La co-formation, tout au long de ma vie professionnelle

Tribune Fonda N°234 - L’engagement associatif, source d’apprentissages - Juin 2017
Hélène Eveleigh
Retour sur un parcours de vie où l'engagement dans un mouvement pédagogique a compensée la formation professionnelle insuffisante.

Entrée à l’Éducation nationale à la fin des années 1970, j’ai eu très peu de formation après ma réussite au Capes de lettres et je me suis vite rendue compte que mes connaissances littéraires et grammaticales ne suffisaient pas : comment faire en classe ? Je me sentais très démunie et souvent en difficulté, notamment pour évaluer mes élèves et prendre en compte leurs différences. Ma relation aux élèves était bonne, mais j’étais parfois un peu débordée par le groupe classe. Heureusement, j’ai vite trouvé un mouvement pédagogique, le Crap, et sa revue, Les Cahiers pédagogiques, grâce auxquels j’ai fait des découvertes déterminantes.
 

La pratique des Cahiers pédagogiques

J’ai alors pris l’habitude de retrouver ses militants presque chaque été pour la semaine des Rencontres : une semaine de travail en ateliers, une semaine d’échanges et de réflexions stimulantes. Comme participant, on peut ainsi explorer un thème dans un petit groupe co-animé par deux collègues qui ont creusé la question et organisé le déroulement des séances – mais qui ne se posent pas en spécialistes.

C’est le groupe qui va avancer, tâtonner, approfondir et aboutir à une production qui pourra servir à chacun, dans ses classes, à la rentrée suivante. C’est ainsi que je me suis formée, notamment, au travail de groupe, à l’interdisciplinarité ou à la différenciation pédagogique. J’ai petit à petit osé me lancer dans l’animation car chaque binôme d’animateurs comprend un ancien et un nouveau, selon un principe extrêmement formateur et rassurant ! J’ai aussi beaucoup appris en faisant de l’analyse de pratiques, selon un protocole très cadré qui amène à faire des hypothèses variées et à apporter différents éclairages sur une situation professionnelle difficile exposée par l’un des participants. Le groupe élabore une analyse, sans jugement, et non une réponse toute faite.
 

Ces principes de co-formation ont marqué la suite de ma vie professionnelle.


Quand la formation continue s’est développée dans les académies, je me suis trouvée à l’aise sur certains thèmes proposés mais je n’étais pas toujours d’accord avec les modalités de travail proposées par les formateurs. J’ai néanmoins rejoint des équipes de formation à l’IUFM de Créteil, quand j’ai pu proposer ce que j’avais appris et fait au Crap. Ainsi, je tenais au principe de la co-animation face à un groupe de professeurs stagiaires, afin de leur faire découvrir le travail de groupe et pour éviter la formation frontale magistrale et « modélisante ». J’ai aussi tenu bon sur le principe de l’analyse des situations : s’entraîner à analyser des situations difficiles, permet peu à peu de se former, dans un groupe un peu stable, à animer soi-même des séances, ce que j’ai proposé à des professeurs stagiaires volontaires.

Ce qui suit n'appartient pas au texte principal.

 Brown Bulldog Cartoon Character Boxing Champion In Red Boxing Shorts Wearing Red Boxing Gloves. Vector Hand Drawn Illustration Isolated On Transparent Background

Avec un peu de recul (puisque je suis depuis peu retraitée), je pense que ce que j’ai appris d’essentiel et qui a nourri ma façon d’enseigner, ma façon de travailler avec des collègues et ma façon de former de jeunes enseignants ou d’accompagner des enseignants en difficulté, a toujours été éclairé par ces principes de co-formation entre pairs, découverts dès les débuts de ma carrière lors de ces rencontres pédagogiques.